So if there are any aspiring Platform Developers out there, deployment of applications on IIS7 is definitely something to pay attention to.  Project Managers and Architects, if you don’t want to surrender your architecture to the ‘burdened’ administrators – identifying a Platform Developer in your organization to focus on IIS7 is probably a good idea.

Simon Munro

5/29/2006 3:45:29 PM (South Africa Standard Time, UTC+02:00)  #    Disclaimer  |  Comments [0]  | 
 Wednesday, May 24, 2006

Microsoft certification for a web developer deems it necessary to master the membership API available in ASP.NET 2.  While the new membership model is a useful set of controls it is not necessarily on my list of have-to-knows for a web developer – if a lone developer is churning out lots of little websites then it probably is critical knowledge. However, in the context of a large project consuming thousands of man hours it is not a big deal – the login page and related bits can quite easily be handled by one developer in a few days while the rest of the team develops functionality that is on the business requirements checklist.  It does make one wonder about Microsoft’s intended market for certification or ASP for that matter – but that is an entirely different discussion.

It begs asking the question then – What is on your list of have-to-knows?  It is a question that doesn’t really have a simple answer since I would like developers on my team to know things that are a) useful and b) aren’t known by others on the team.  Although it depends on the type of development – building software for Mars rovers requires a different set of skills than for a shopping site – I’m biasing this towards the more mainstream practice of developing applications that serve a business need and generally have a database of sorts where data resides that has to be viewed, captured and processed. 

In such an environment, the primary set of skills that we need in the team is the ability to work with a fairly narrow set of components, tools and technologies and in the Microsoft web space that would be SQL, ADO, Web Pages, Grids, data binding and so on.  The ‘senior’ developers tend to be allocated larger chunks of  (more difficult) functionality and are left on their own and juniors will pick up the scraps.  In most corporate development teams there is little space for developers with too much flair or hotshot developers with little experience in corporate projects as they tend to clash with the architect, project manager, testers and others that have to keep their eye on deadlines.

So if we have turned our developers, junior and senior, into cogs of a well oiled delivery machine (which should not be seen as a bad thing), then who do we get to work on all the other stuff?  What ‘other stuff’?  There is more ‘other stuff’ than most of us can possibly cope with – as the technologies become more complex and our solutions demand use of those technologies – we find that we are working with fairly difficult stuff, whether or not it is abstracted by tools or components. 

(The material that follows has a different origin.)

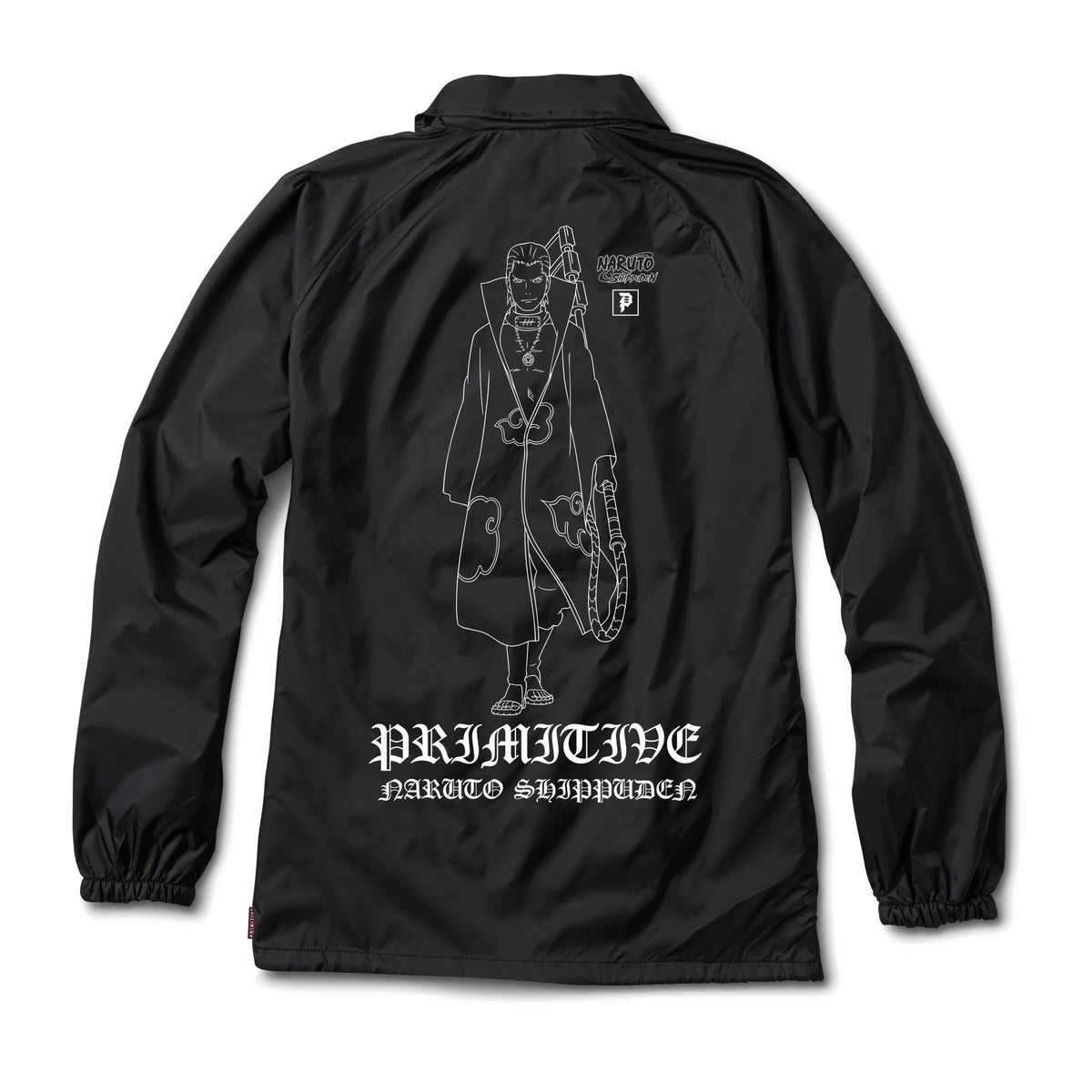 Primitive Hiden Coaches Jacket (Black)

By way of example, I am currently working on a solution that has some interesting security quirks and requirements and if you spend any amount of time trying to figure it all out you soon realise that the complexity of the domain has increased since you last looked at it (even if that was yesterday).  Gone are the days of closing some ports of the firewall, you now have to implement all sorts of services, certificates, authentication mechanisms and so on – all to ‘enable the mobile worker in a Service Oriented Architecture’ (or some similar far-reaching, buzzword laden architectural statement).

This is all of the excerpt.